Materials provided

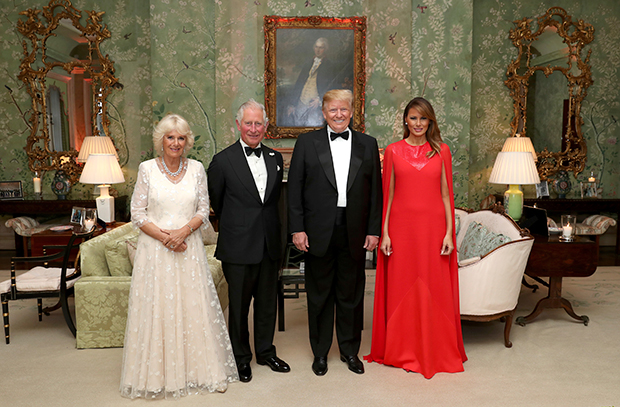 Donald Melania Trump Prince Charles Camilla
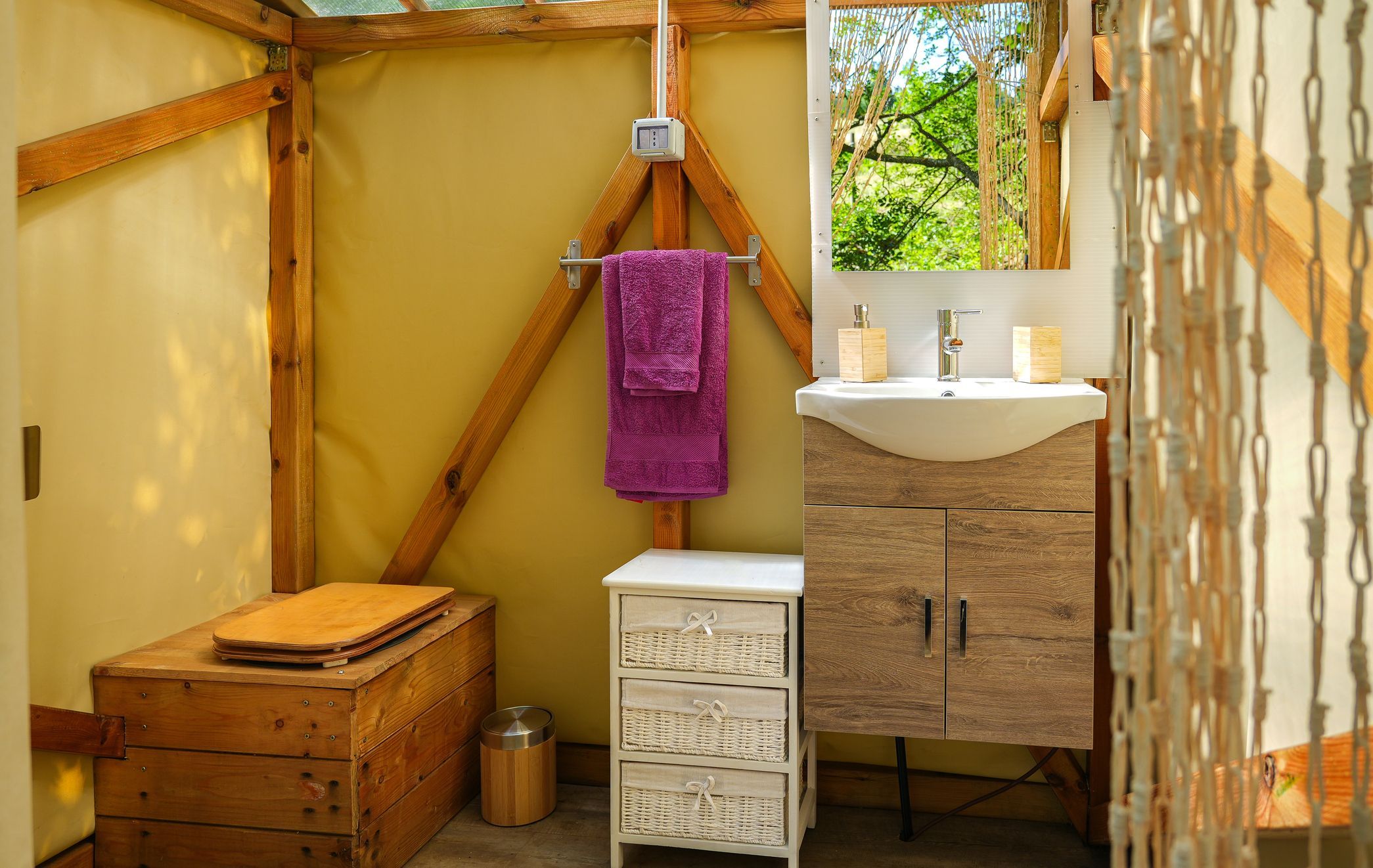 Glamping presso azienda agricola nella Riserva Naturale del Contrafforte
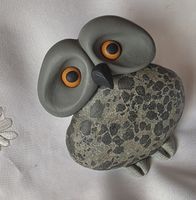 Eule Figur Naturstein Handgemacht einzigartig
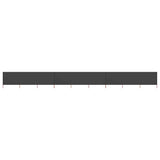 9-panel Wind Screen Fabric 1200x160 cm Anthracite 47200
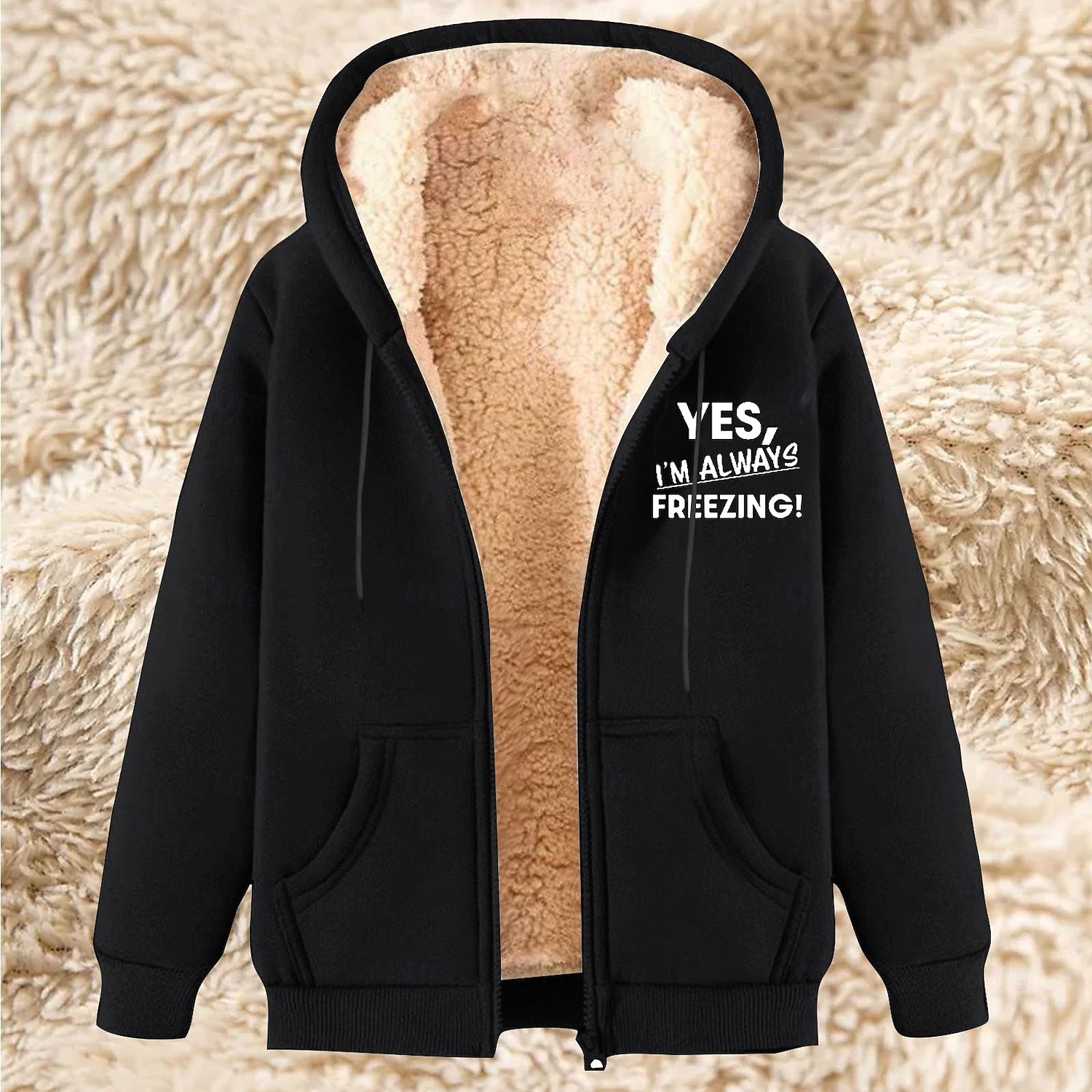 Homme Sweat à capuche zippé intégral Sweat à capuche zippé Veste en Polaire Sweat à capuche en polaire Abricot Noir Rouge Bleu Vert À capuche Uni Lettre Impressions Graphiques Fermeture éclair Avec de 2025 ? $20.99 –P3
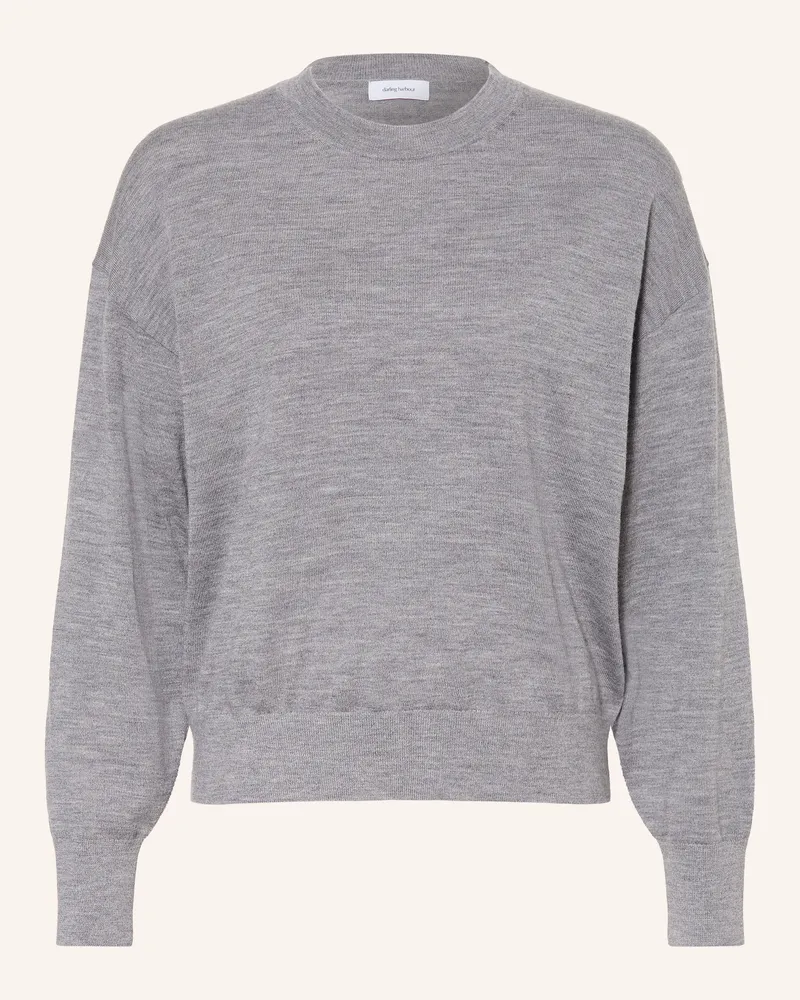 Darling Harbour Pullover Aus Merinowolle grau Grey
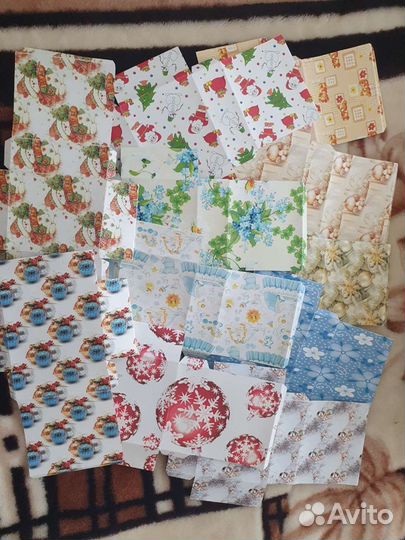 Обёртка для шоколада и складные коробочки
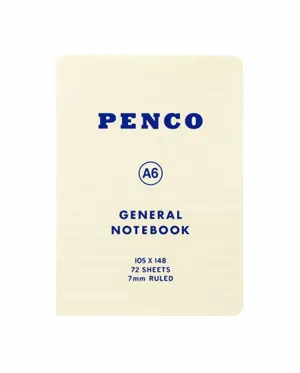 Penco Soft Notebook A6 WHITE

Exercise aim
Transcribe each record exactly as it stands, setting aside any pictures.

Written response
 Donald Melania Trump Prince Charles Camilla
 Glamping presso azienda agricola nella Riserva Naturale del Contrafforte
 Eule Figur Naturstein Handgemacht einzigartig
 9-panel Wind Screen Fabric 1200x160 cm Anthracite 47200
 Homme Sweat à capuche zippé intégral Sweat à capuche zippé Veste en Polaire Sweat à capuche en polaire Abricot Noir Rouge Bleu Vert À capuche Uni Lettre Impressions Graphiques Fermeture éclair Avec de 2025 ? $20.99 –P3
 Darling Harbour Pullover Aus Merinowolle grau Grey
 Обёртка для шоколада и складные коробочки
 Penco Soft Notebook A6 WHITE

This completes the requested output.